Sophie: Where is Sadie then?

Jess: I dunno!! Any idea?

Sophie: Chillaxing at home?

Me: Funny! That is what I think too. I am eating porridge. Taking it slowly.

Jess: She may be on a course I suppose? Now I want to know.... I'll text her.

Sophie: Company brekkie being delivered in a mo. Good thing about that is the crate of yummy seasonal fruit from I believe the only English greengrocers left in London. I like to make myself a platter to last the week

Me: Wish we had fresh fruit delivered here. Instead we get doughnuts. Loads and loads of doughnuts and custard creams. My butt. Jess - I had a dream last night that you lost so much weight that you butt was like... TINY. But, like, DEFORMED tiny. I don't know why I am dreaming of your butt instead of, for e.g., Jensen Ackles' butt. You need to write and complain for me.

Jess: Oh funny!!!!!!!! Laughing big time!!! New series of Supernatural started last night........gosh those two lads are lovely.... bestest tv programme eva! I'd damwell love to see Jensen's butt.

Me: Talking of butts-
Me: Get down. Down. GET DOWN. DOWN. GET... Clyde.. I am NEVER going to feed you again unless you get down
Clyde: SPLATTTTTTTTTTTTT
Me: Graceful.
He is a big butt head. He was sitting in the front of the dresser getting ready to leap up. I was lying in my bed going, sternly, NO CLYDE. NO. NO. He was all WHATEVER *preparing to leap* I rolled up my magazine and was like NO CLYDE. He looked at me and was all, pffft. *Walks round to side of dresser, out of reach of me by the door and leapt up. Me: Ok. That was impressively done. But GET DOWN

Sophie: He did that to me yesterday.
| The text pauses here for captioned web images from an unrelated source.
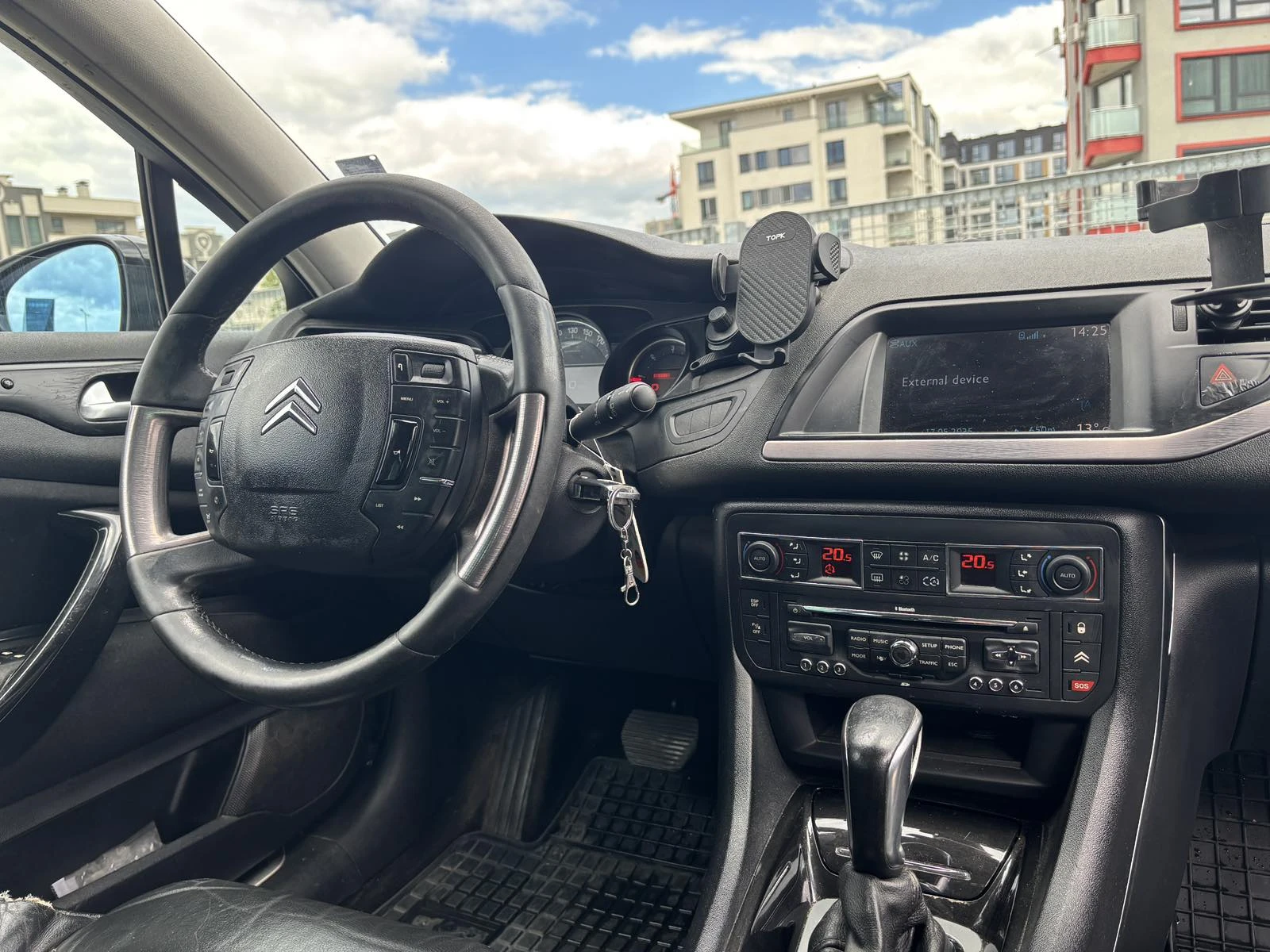 Citroen C5  - изображение 9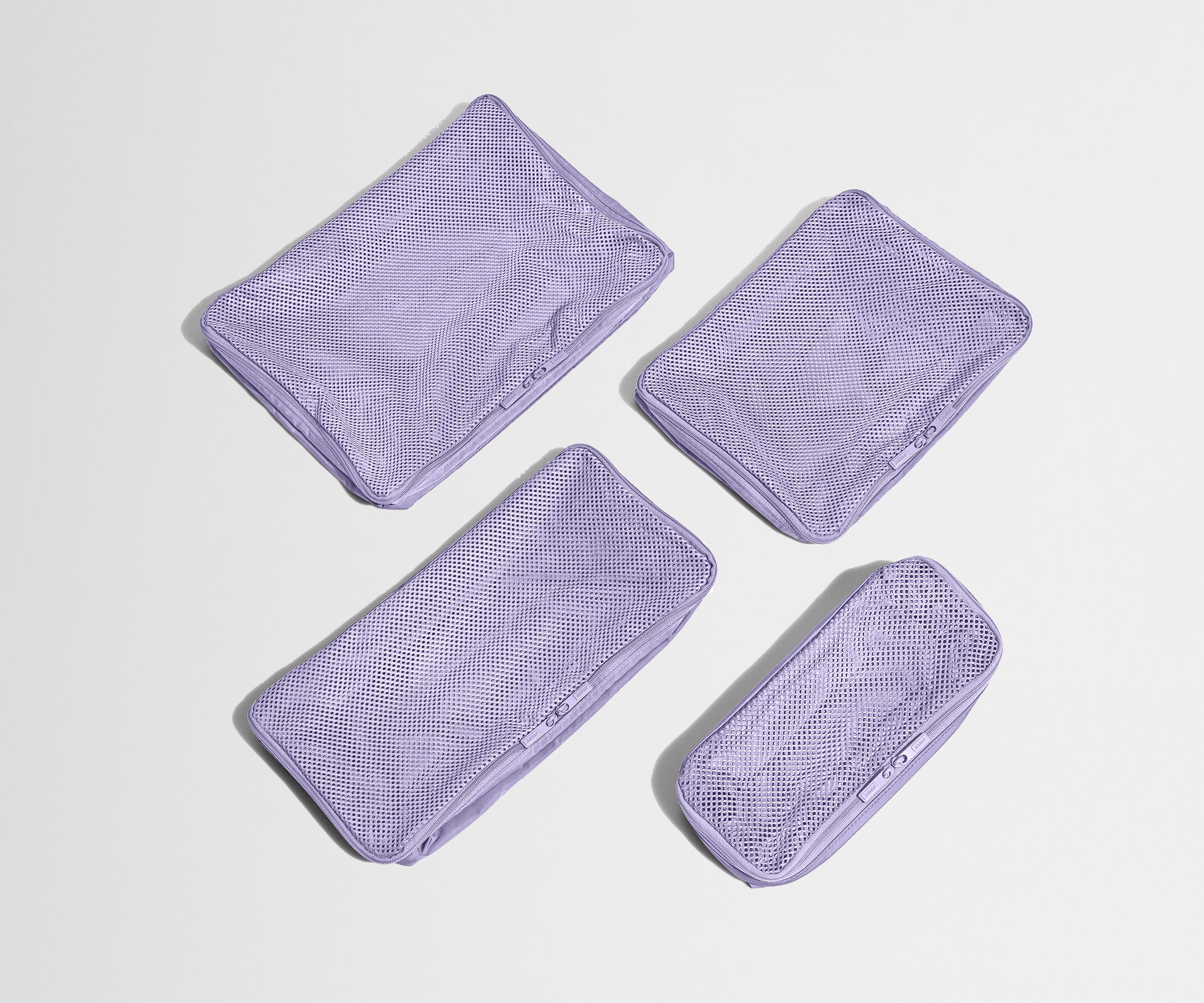 The Insider Packing Cubes in Lavender Haze Purple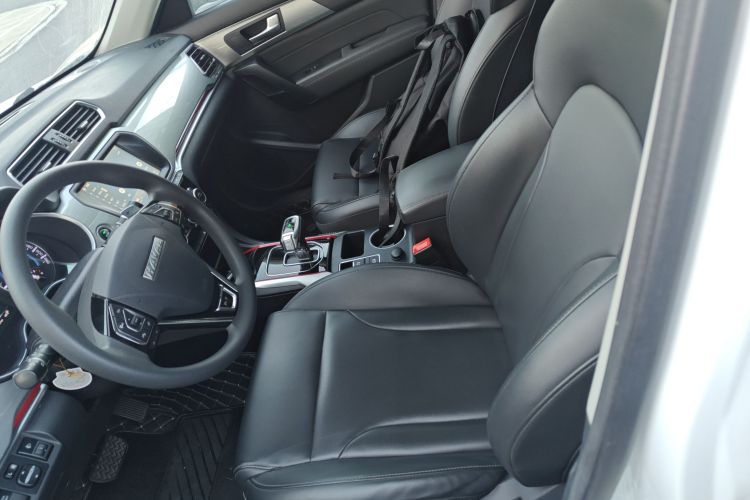 哈弗H2 2018款 1.5T 双离合两驱风尚型 国VI局部细节19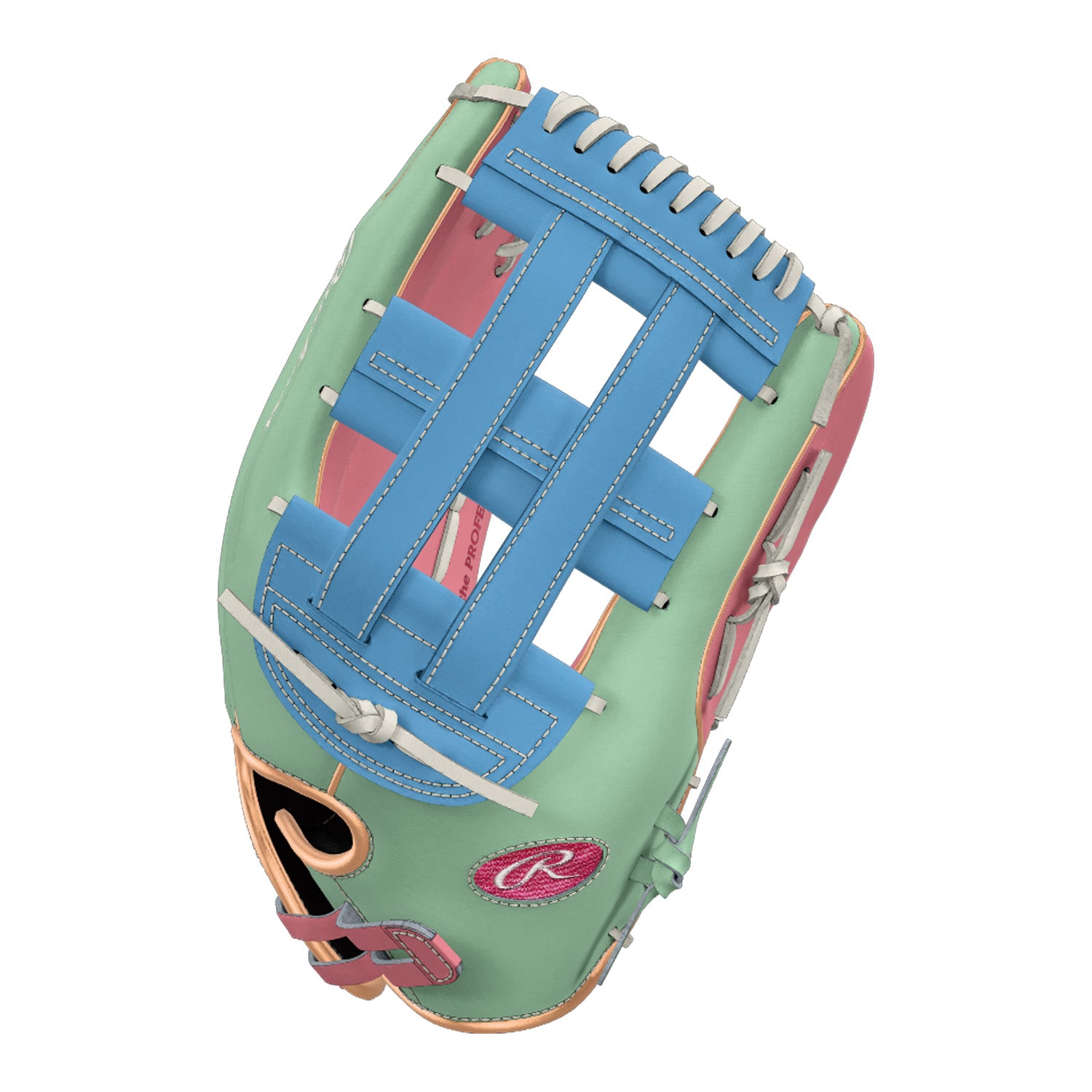 Gant de Softball PRO140SB-MPCB Heart of the Hide BBT Exclusif 14"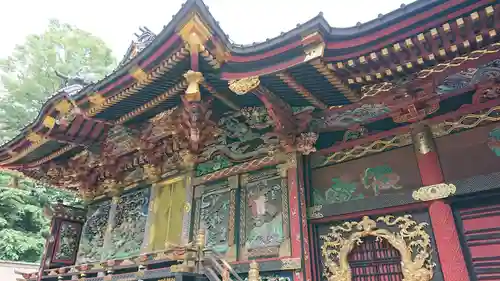 妻沼聖天山歓喜院(埼玉県)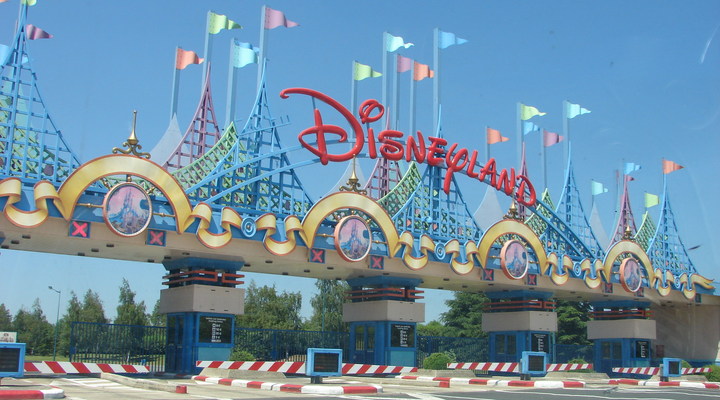 Disneyland Parijs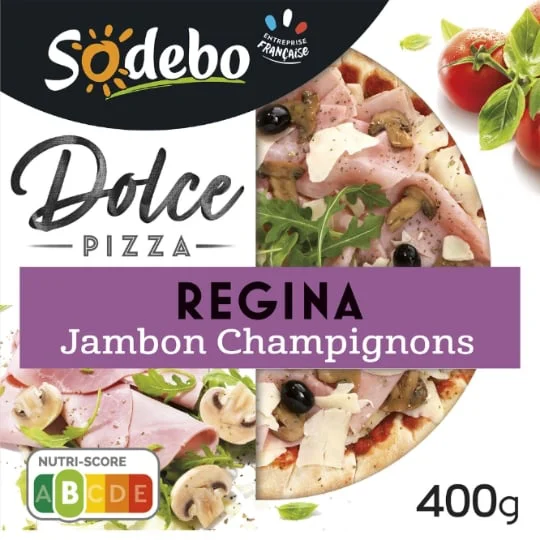 Pizza Regina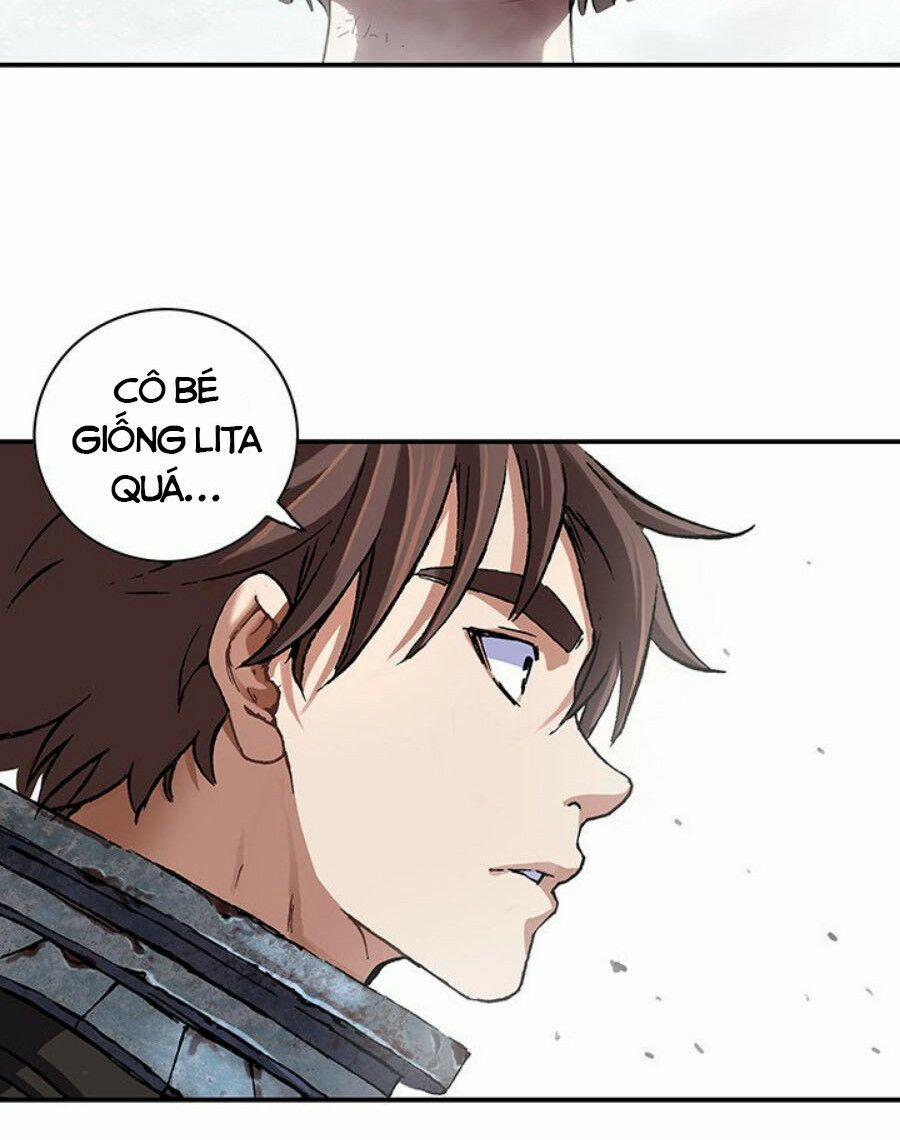 Đứa Con Thần Chết 171 trang 22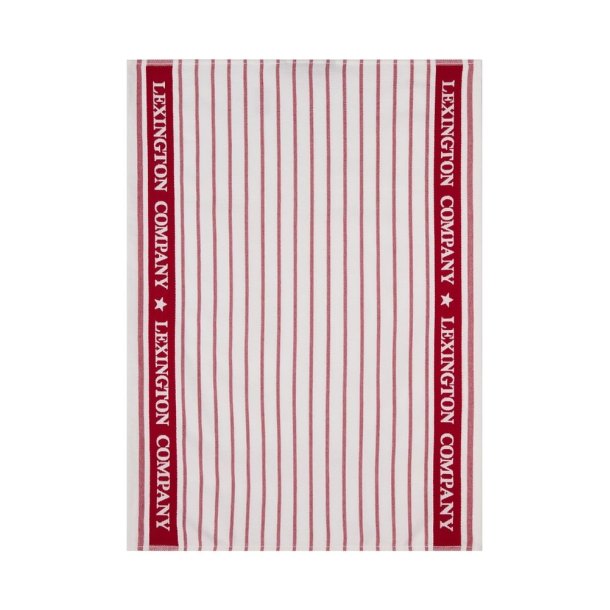 Lexington Striped Organic Cotton Terry Kitchen Towel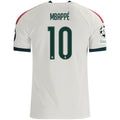 Men's Replica Mbappe Real Madrid Home Jersey 26/27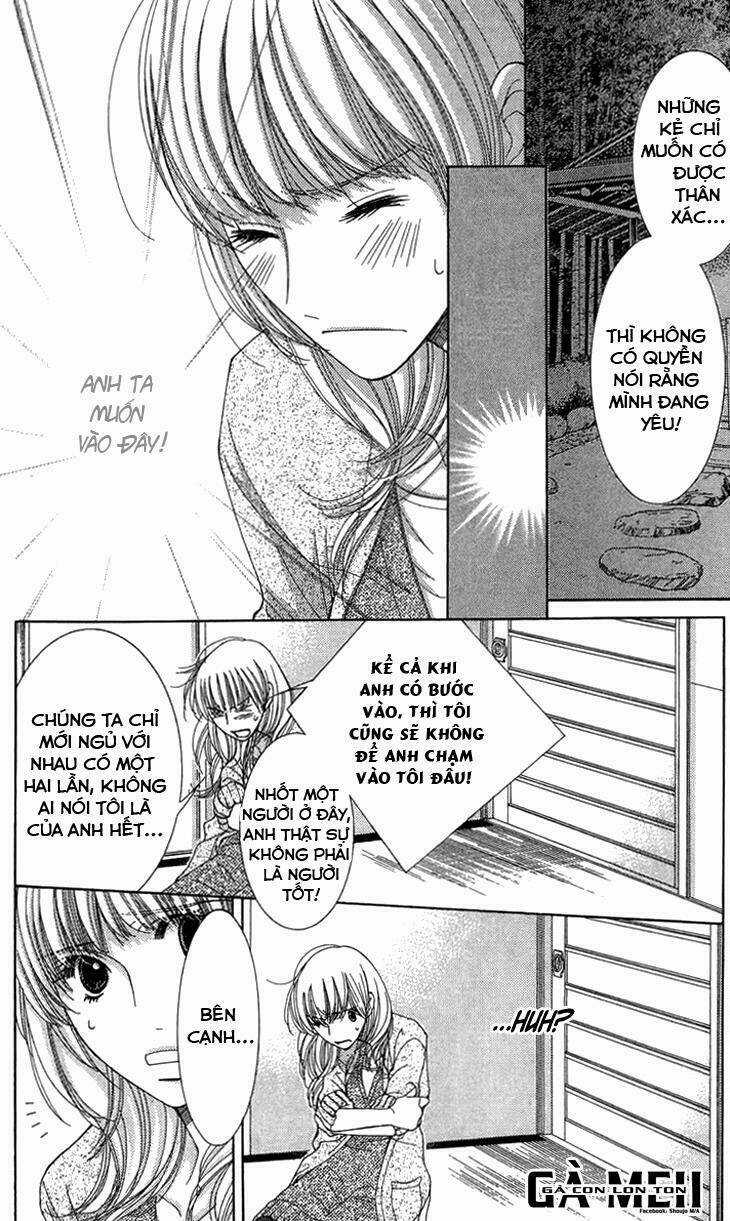 Nhà Sư Khi Yêu Chapter 5 trang 16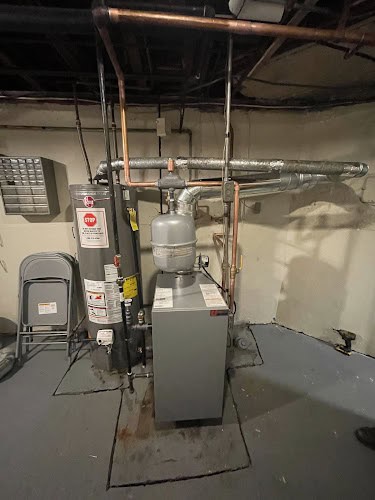 RIGHTIME HEATING COOLING & PLUMBING
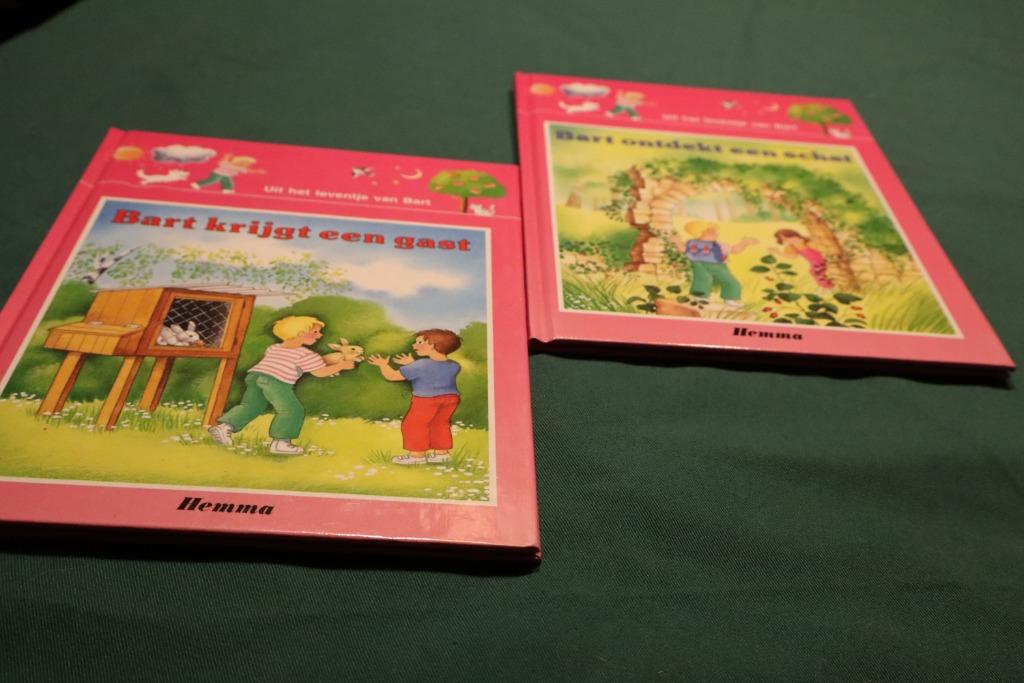 2 magnifiques livres vintage pour enfants de Hemma 1988, Livres, Livres pour enfants | Jeunesse | Moins de 10 ans, Neuf, Enlèvement ou Envoi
When I was going “OI. OIIIIIII, GET. OFF.” He just sat his fat a r s e down and looked me in the eye.

Jess: Oh FFDD!!!! So FD! "Sat his fat a r s e down!"

Sophie: The thing was I was sitting on my bed sorting out my scarves so he was literally looking me in the eye in a blatant display of “Yeah…. And?” It’s just so rhude! He has every ledge and sofa, bed and even the kitchen table to plonk on but I take offence to the one area I have made nice with jewellery, photos, make up etc

Me: I know. The ONE surface. The one with glasses of water, coffee cups, perfume bottles. What a d i c k.
ALSO. He came and snuggled last night. Too late I was all, dude you are WET and pushed him off the white sheets. This morning there is a perfect trail of muddy paw prints. Gross.

Jess: Fd! HE'S A RIGHT BOY THAT CAT!!! Rude and ignorant...actually that is so cat!

Sophie: It’s the only surface that I have covered with trinkets and bits and bobs that I like.
I typed bits and boobs then but that is definitely not right.

Jess: SNIGGER. Funny tho.

2 comments:

Anonymous said...

you showed your bra on the interwebs

Worthless Monkey said...

HAHA! God. I read that and was like WHATNOIDIDNTJESUSCHRIST. Anyway. Yours is on here (on Clyde) too.